Crafts

2013.04.09

子どもMakerのための場所

Text by kanai

Makerスペースはどんどん人気を高めている。よく知らない人のために説明するならば、Makerスペースまたはハッカースペースとは、人々が集まってものを作る場所だ。それぞれに特徴があるが、コミュニティとしての意識を持ち、物作りの楽しさや知識を分かち合う場所であることが共通している。そうした施設が近くにあればラッキーだが、そこが子どもも受け入れてくれるとは限らない。
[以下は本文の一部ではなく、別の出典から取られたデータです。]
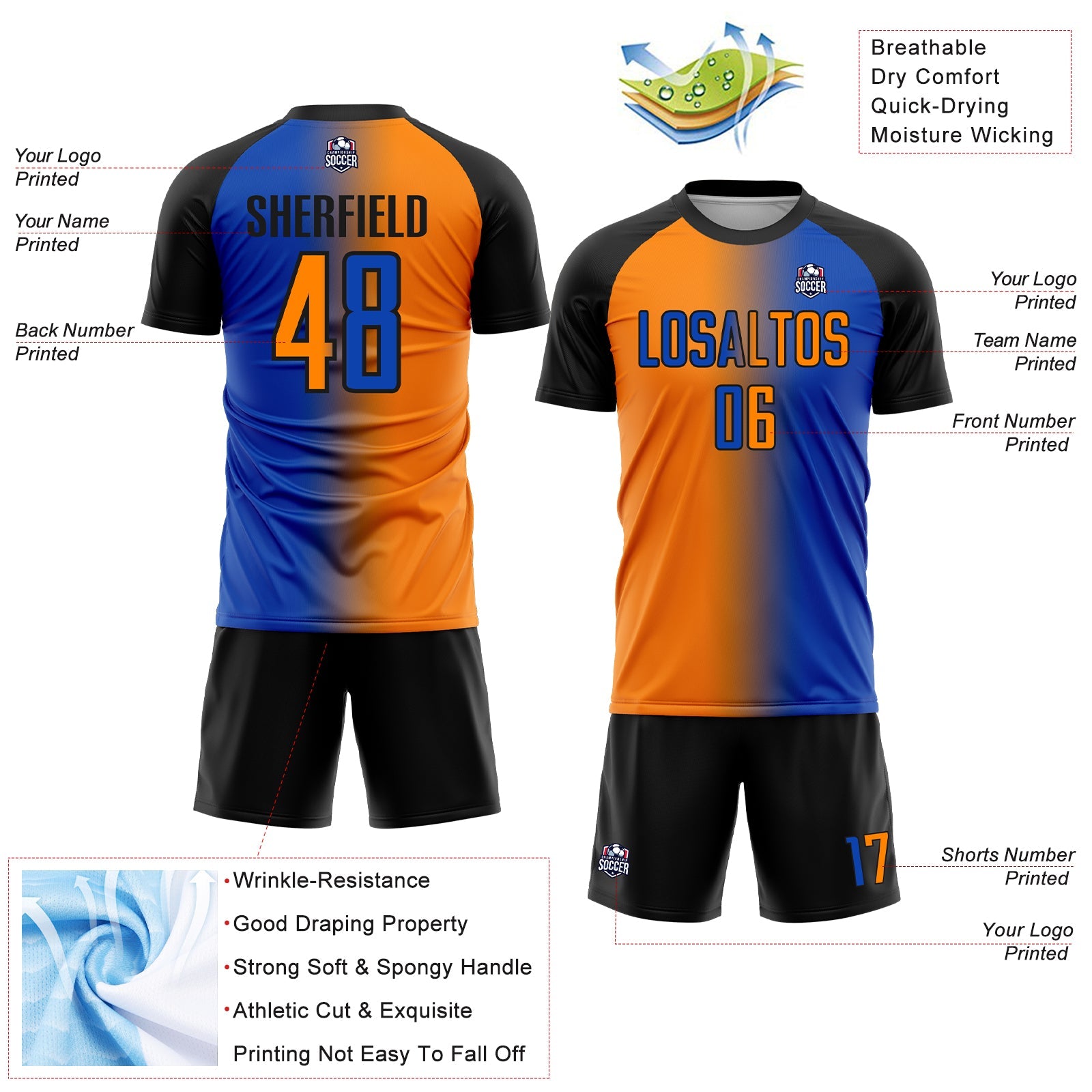 Custom Thunder Blue Bay Orange-Black Sublimation Gradient Fashion Soccer Uniform Jersey view 4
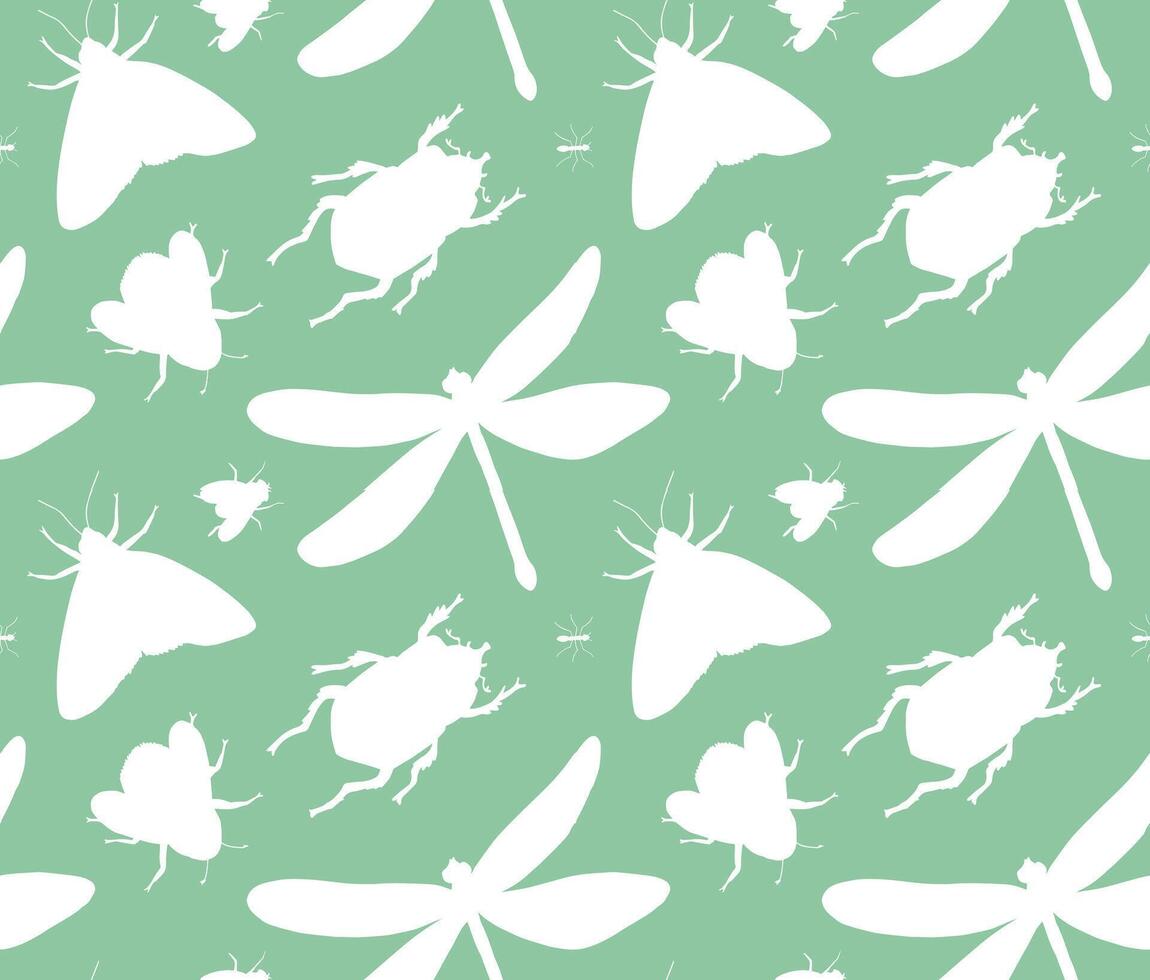 Seamless pattern of hand drawn insects vector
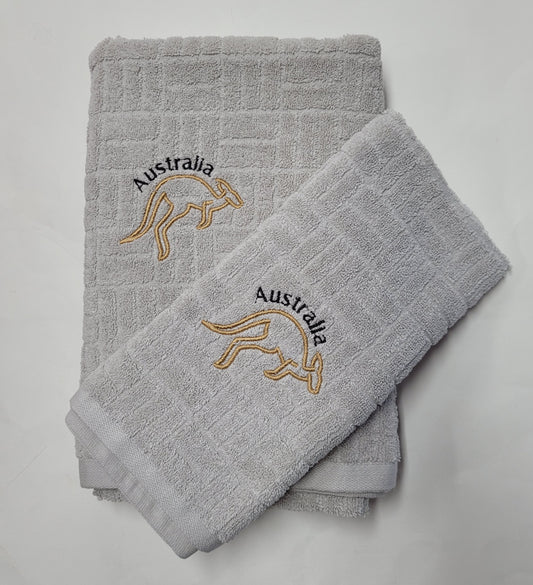 Embroidered Gift Set - Australia Bath Towel and Hand Towel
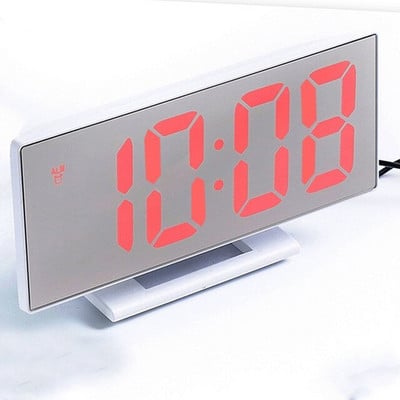 Elektronikus ébresztőóra Zajmentes kialakítás Digitális LED nagy kijelzős tükör Kikapcsolás memória funkció AAA Nem elemes világító óra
子どもたちが自分のアイデアを形にしたと思ったとき、若きMakerをどこへ連れて行けばいいのだろうか?

これは重要な問題だ。そこで私は調査を行い、子どもを連れて行ける優れたスペースを5カ所見つけた。

1: ホームセンター

Race car project from a Home Depot workshop

Home Depot workshopのレーシングカープロジェクト。

アメリカのホームセンターの2大ブランドは、Home DepotとLoweだ。Home Depotでは、子ども向けの無料のワークショップを毎月第一土曜日に開催している。プロジェクトは、5歳から12歳の子ども向けに設定されている。9時から正午までの間なら、いつでも参加できる。スケジュールは、同店のウェブサイトにあるKids Workshopsタブで見られる。

最初、子どもたちは作業用のエプロンをもらえる。そして、プロジェクトごとに新しいピンがもらえる。私はうちの子どもたちを連れて何度か参加したことがある。とても楽しく、1時間ほどで完了する。息子は初回に小鳥の巣箱を作り、2回目は妹とレーシングカーを作った。

Loweでは、Build and Grow(作って育とう)と呼ばれる無料の子どもクリニックを開催している。Home Depotと同じく、参加するときに子どもを登録する必要がある。私の地域のLowesでは、次の2回の子どもクリニックはすでに満員だった。少し前もって計画しておいたほうがいいだろう。

Ace Hardwareでも、Ace Kids Clubを開催している。子どもを登録しておくと、誕生日月にAceを訪れたとき、特別なサプライズがある。店舗によっては行っていないところもあるので、近くの店舗に確認しておこう。要望が多ければ、やっていなかった店舗でも始めてくれる可能性がある。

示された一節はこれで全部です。